The Digbys came to Stoke Dry by the marriage of Everard Digby with
Alice daughter of Francis Clarke. He himself was killed in 1461 at the battle
of Towton, but the family remained at Stoke Dry for many generations, and in
the 16th century were also stewards of various royal manors in the county.
Another Everard was a prominent courtier and was one of the Gunpowder
Plot conspirators in 1605, but the most famous was Sir Kenelm Digby, courtier,
diplomatist, admiral, philosopher and scientist, friend of Oliver Cromwell and
also exiled royalist. His career shows a diversity of attainments rarely met
with except in the 17th century. (fn. 29) The Haringtons also obtained their first
connection with Exton by marriage with Catherine Culpeper, who was
descended from the family of Bruce or Brus. To this descent is attributed the
rise of her son John Harington in the favour of James I, who stopped at his
house at Burley and hunted there on his way to assume the crown of England.
Harington, who had inherited or bought large estates in the county and
rebuilt the house at Burley-on-the-Hill, was created Baron Harington of Exton,
but the expenses of his public life—he was governor to Princess Elizabeth, and
accompanied her on her marriage journey—impoverished him, and his heirs
were forced to sell most of his property.

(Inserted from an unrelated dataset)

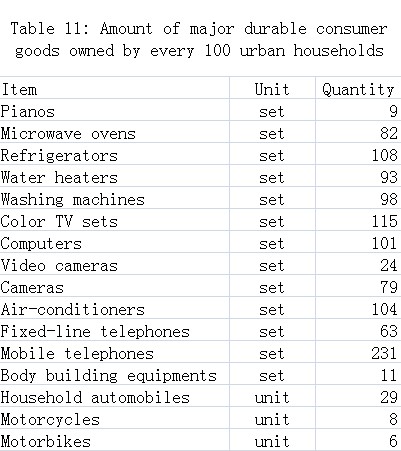 Population, Living Conditions and Social Security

Ridlington Park, however, he
left to his younger brother James, and from this branch came Sir Edward
Harington, bart., the parliamentary leader in the county, his son James, one
of the commissioners of the trial of Charles I, and James Harington, the author
of Oceana. (fn. 30) In the 16th century two other families became great landowners,
but obtained their footing in the county as royal officials. David Cecil was
the steward or bailiff of various royal manors, and his son Richard enriched
himself with monastic lands, which were inherited by William Cecil, Lord
Burghley, the great statesman and secretary of Queen Elizabeth. His Rutland
property at Liddington and Barrowden and elsewhere passed to his eldest
son, whose descendants the Earls of Exeter own them at the present day.
Essendine, however, was left to his younger son Robert, Earl of Salisbury,
who took his first title of Baron Cecil of Essendine from it, and in his youth
may have lived in the old manor house of the Despensers. (fn. 31) The Noels rose
to importance in the county in the same way. Andrew Noel was the king's
feodary in Rutland. His son purchased the lands of Brooke Priory and was
the brother-in-law of the first Lord Harington. He bought up many of the
Harington estates in the county. Others, notably Burley-on-the-Hill and
Oakham Lordshold, were bought by the Duke of Buckingham, who rebuilt
the house at Burley and added the famous stables there. Here was the scene
of the first production of Ben Jonson's masque The Gipsies, and also of the
introduction of the famous dwarf, Geoffrey Hudson, to the court. (fn. 32)
Buildings of the 16th century are less rare than those of the 15th, though
not common. They include the original schoolhouses at Oakham and
Uppingham, both erected in 1584, but in part altered in the 18th century.
The older part of Clipsham Hall is dated 1582, and a house at Barrowden 1586.
At North Luffenham Hall (formerly the Digbys' house) a barn bears the date
1555, and the oldest part of the house itself is probably of about the same time
or a little earlier, though subsequently much altered and enlarged (c. 1616
and in 18th cent.); in one of the outbuildings is some timber and plaster work,
the only example of its kind in the county. The gateway and lodge of the
16th-century house built on or near the site of Brooke Priory are still standing.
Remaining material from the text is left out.